A busy working mum’s illustrations are superb!

An illustration of Jesse.

Steve Brown meets a very busy mum running an online illustrations business.

MANY of the artists featured in Reflections over the years have been well established in their fields and are working full time in their crafts. However, imagine being a mother with two very young children, continuing to be very successful in local paid employment, helping on your in-laws’ busy livestock farm and yet somehow also finding time to run an online illustrations business from the kitchen table. 

Hollie Spalton with some of her artwork.
Hollie Spalton with some of her artwork.

Tideswell-based Hollie Spalton somehow finds time to do all this from her family home in the village but freely admits that she’s definitely looking forward to the completion of a studio in the back garden so that she can spend more quality time on her art. She hopes she can then do her artistic ambitions justice and expand her business without the inevitable distractions of young Archie and Evie!

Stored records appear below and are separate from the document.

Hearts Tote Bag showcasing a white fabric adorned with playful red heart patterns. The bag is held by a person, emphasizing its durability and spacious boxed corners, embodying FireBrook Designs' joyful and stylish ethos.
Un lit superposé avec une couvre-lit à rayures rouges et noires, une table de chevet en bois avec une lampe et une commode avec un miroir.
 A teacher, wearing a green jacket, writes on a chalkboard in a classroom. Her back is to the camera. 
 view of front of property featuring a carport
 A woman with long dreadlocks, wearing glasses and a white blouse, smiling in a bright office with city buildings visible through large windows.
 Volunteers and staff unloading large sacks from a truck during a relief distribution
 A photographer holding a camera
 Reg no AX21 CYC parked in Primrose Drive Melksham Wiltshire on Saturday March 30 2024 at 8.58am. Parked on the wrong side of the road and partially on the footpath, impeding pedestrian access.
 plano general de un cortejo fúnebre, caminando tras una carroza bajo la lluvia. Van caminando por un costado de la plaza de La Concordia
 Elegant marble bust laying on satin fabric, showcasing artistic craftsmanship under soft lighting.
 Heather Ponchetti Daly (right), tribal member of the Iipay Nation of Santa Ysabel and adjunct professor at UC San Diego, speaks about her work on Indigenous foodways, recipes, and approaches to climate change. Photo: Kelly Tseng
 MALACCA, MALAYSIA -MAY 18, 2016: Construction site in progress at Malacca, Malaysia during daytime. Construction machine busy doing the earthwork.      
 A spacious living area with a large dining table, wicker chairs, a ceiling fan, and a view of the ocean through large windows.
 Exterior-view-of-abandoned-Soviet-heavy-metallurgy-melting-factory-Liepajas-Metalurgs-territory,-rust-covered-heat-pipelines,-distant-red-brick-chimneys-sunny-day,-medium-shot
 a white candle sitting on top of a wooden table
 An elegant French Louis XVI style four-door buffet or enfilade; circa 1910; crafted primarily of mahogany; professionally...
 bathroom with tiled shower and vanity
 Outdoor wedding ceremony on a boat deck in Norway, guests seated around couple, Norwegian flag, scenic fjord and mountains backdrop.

Originally from Halifax, West Yorkshire, Hollie moved to rural Leicestershire at the age of four to a village called Wymondham. Hollie moved on after A-levels to the study of Fashion Design at the University of Huddersfield. Her mum, Linda, has always been very artistic, being a potter and training people in this craft as well as doing her own paintings.  Hollie’s love of art and drawing is carrying on this family trait; she also loved making things as a child. Her final collection on graduating from Huddersfield saw her making no less than seven outfits in achieving her first-class degree. 

Hollie took her time after graduating to choose a job which suited her best, eventually working for a company designing and making slippers and soft footwear for several well-known retail outlets while living with her father back in Leicestershire. It was then that she met her future husband through online dating and after their marriage she moved up to Chapel-en-le-Frith in Derbyshire to be with him and to help on his family’s farm near Stoney Middleton. 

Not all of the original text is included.